I further expounded on this in the exhibition concept printed in the invitation and press materials:
“1:1 art has a past, a present, a future, and sometimes also an end, a death (when the artist deliberately destroys his or her work). [Here I might add: or when someone else destroys it.] It is never a wholly finalized product, and this makes 1:1 only a moment in the duration of 1:1 art. When an institution acknowledges its own inability to represent the complex temporality of 1:1 art in all of its life forms, it can only offer a place where such art can become a public good, a place where its various users can come together. (…) 1:1 art refers to more than just art objects; above all, it refers to points of convergence of collective ideas and desires, of various vocations and various narratives. (…) 1:1 art proposes conditions that do not involve anyone representing anyone, conditions under which interpretations and translations result from actual, concrete collaborations.”
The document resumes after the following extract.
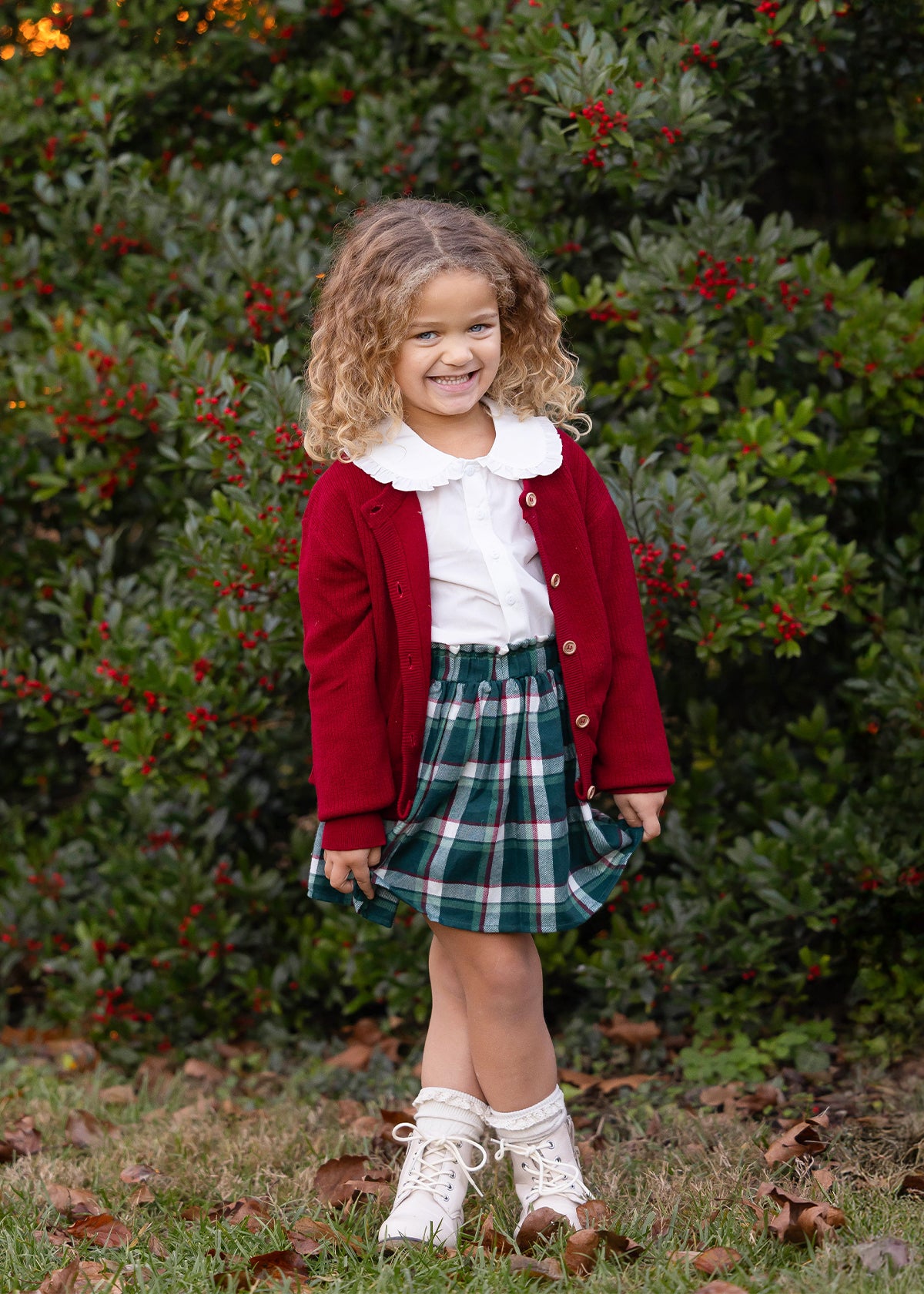 A young girl with curly light brown hair stands outdoors in front of a green leafy bush with red berries. She is wearing a dark red cardigan over a white collared shirt, a green and white plaid skirt, and white lace-up ankle boots.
One of the reasons that led me to invite Pungerčar to present her Socialdress project at the 1:1 was the fact that I saw in it all of the crucial characteristics of 1:1 art. One of the crucial characteristics of 1:1 art is that it has a life of its own: once it has been publicly presented it can no longer be wholly controlled by the artist. This is something that an artist producing 1:1 art must come to terms with; they must treat their art as art both when it is doing great and when things just aren’t going so well. Another distinguishing trait of 1:1 art is duration, so its material realization cannot be claimed to be more art than its processual and participatory character.
So what was stolen from the Marija Mojca Pungerčar exhibition at the Alkatraz Gallery?
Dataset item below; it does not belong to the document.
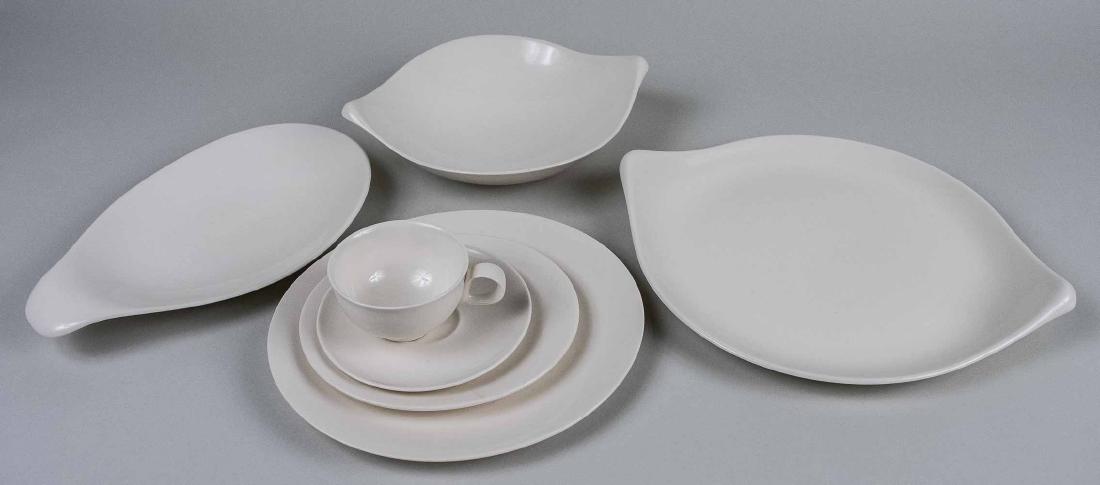 Eva Zeisel for Crate & Barrel: Made in England for Royal Stafford, comprising twelve dinner plate, twelve salad plates, twelve cups and saucers and six serving dishes. Dinner plate, diameter 11 inches. Notice to bidders: Condition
In terms of the 1:1 concept, only a part of Pungerčar’s artwork, and by no means the artwork in its entirety. We might even say a minor part of the artwork, since the crucial part of the Socialdress project is its participatory character. And it is from the vantage point of participatoriness that the theft at the Alkatraz should be understood. Participatoriness should by no means imply that gestures coming to a gallery or museum from the outside should be domesticated by the institution. The history of art is rife with gestures of destruction, and it would be out of place not to recall this tradition on the occasion of the Alkatraz incident, which its agents have described as a political performance.
The Socialdress art project is far from destroyed by the theft; more specifically, it is far from destroyed by the (possible) destruction of some of its material supports. Indeed, we might even say that it has acquired another dimension, since the political performance that took place at the Alkatraz is already triggering discussions and forcing us all to take more clearly defined positions. And this is also the embodied potential of the slogans from the recent popular uprisings here that are embroidered on the stolen artifacts.